## Data in this exercise
━━━━━━━━

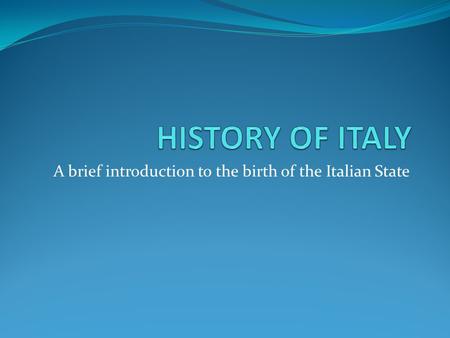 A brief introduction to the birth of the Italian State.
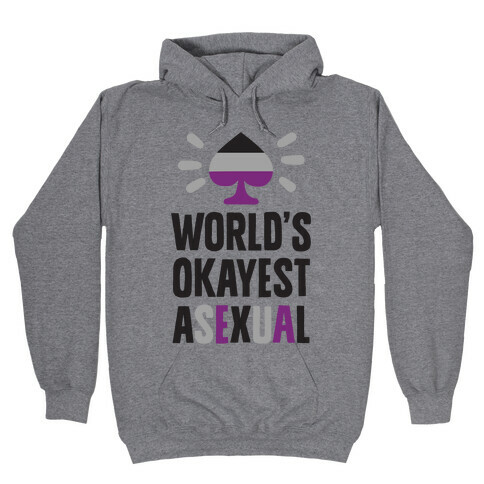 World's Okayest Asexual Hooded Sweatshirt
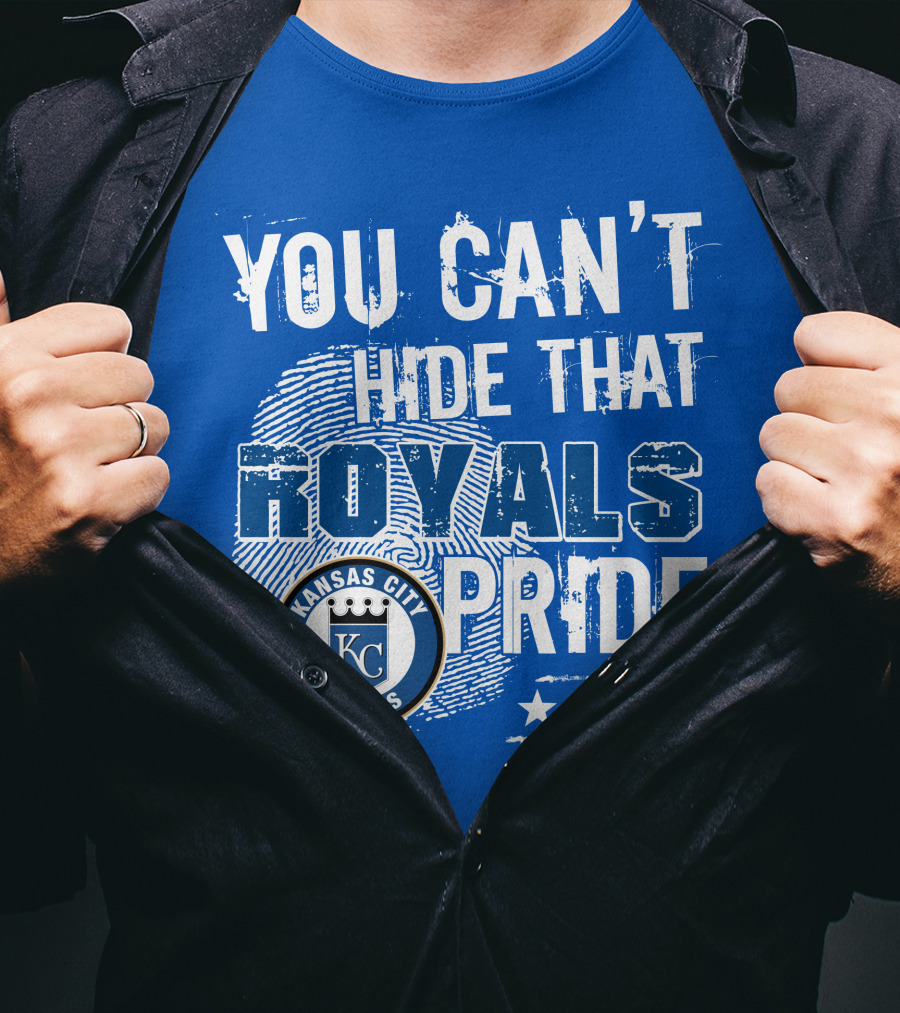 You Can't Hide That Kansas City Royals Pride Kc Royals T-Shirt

━━━━━━━━

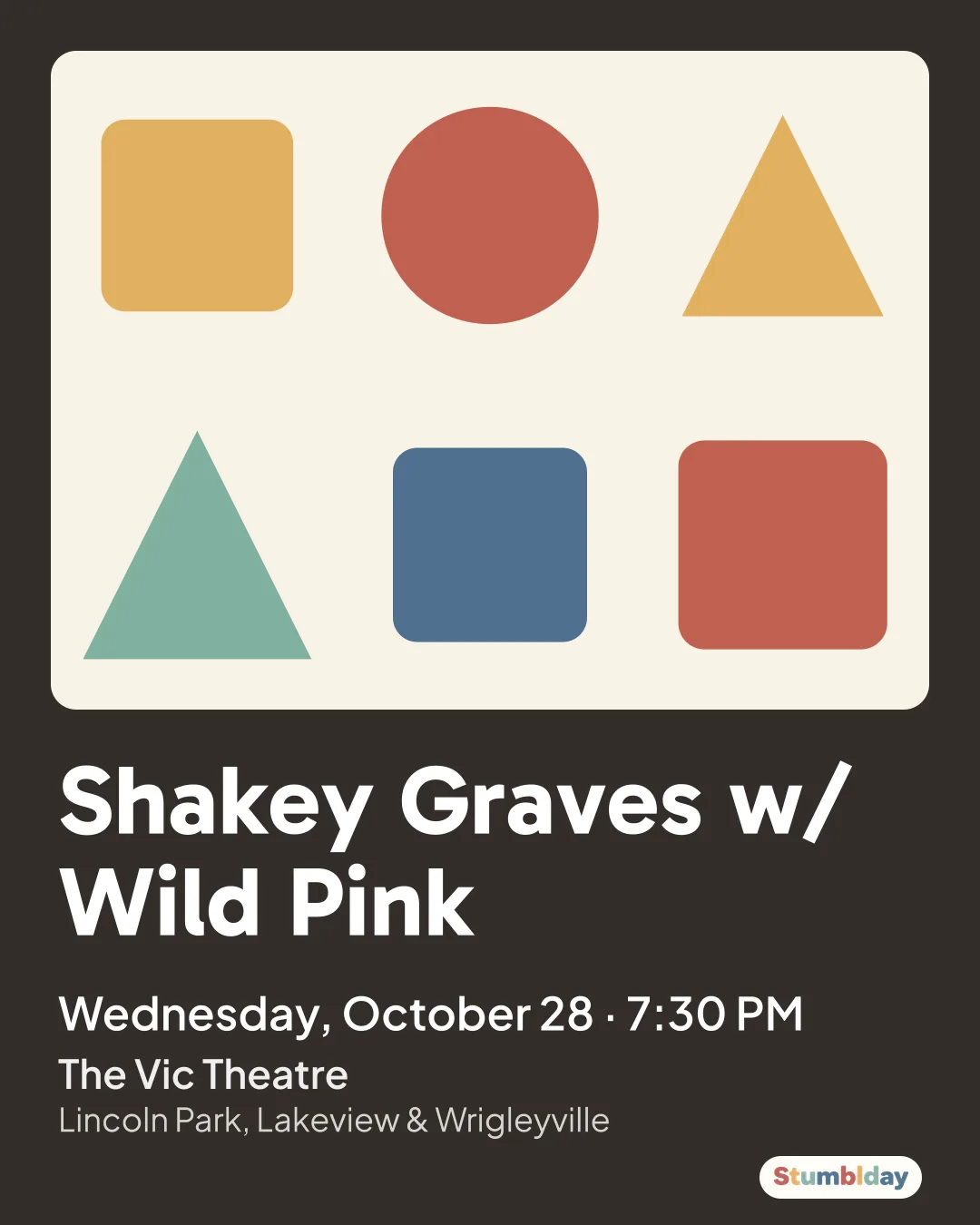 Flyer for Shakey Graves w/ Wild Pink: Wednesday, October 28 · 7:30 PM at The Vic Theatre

━━━━━━━━

Print, exactly and with no pictures, the lines of the listing above starting at the one that has "A brief introduction" and ending at the one that has "You Can't Hide", both included.

## Written answer
 A brief introduction to the birth of the Italian State.
 World's Okayest Asexual Hooded Sweatshirt
 You Can't Hide That Kansas City Royals Pride Kc Royals T-Shirt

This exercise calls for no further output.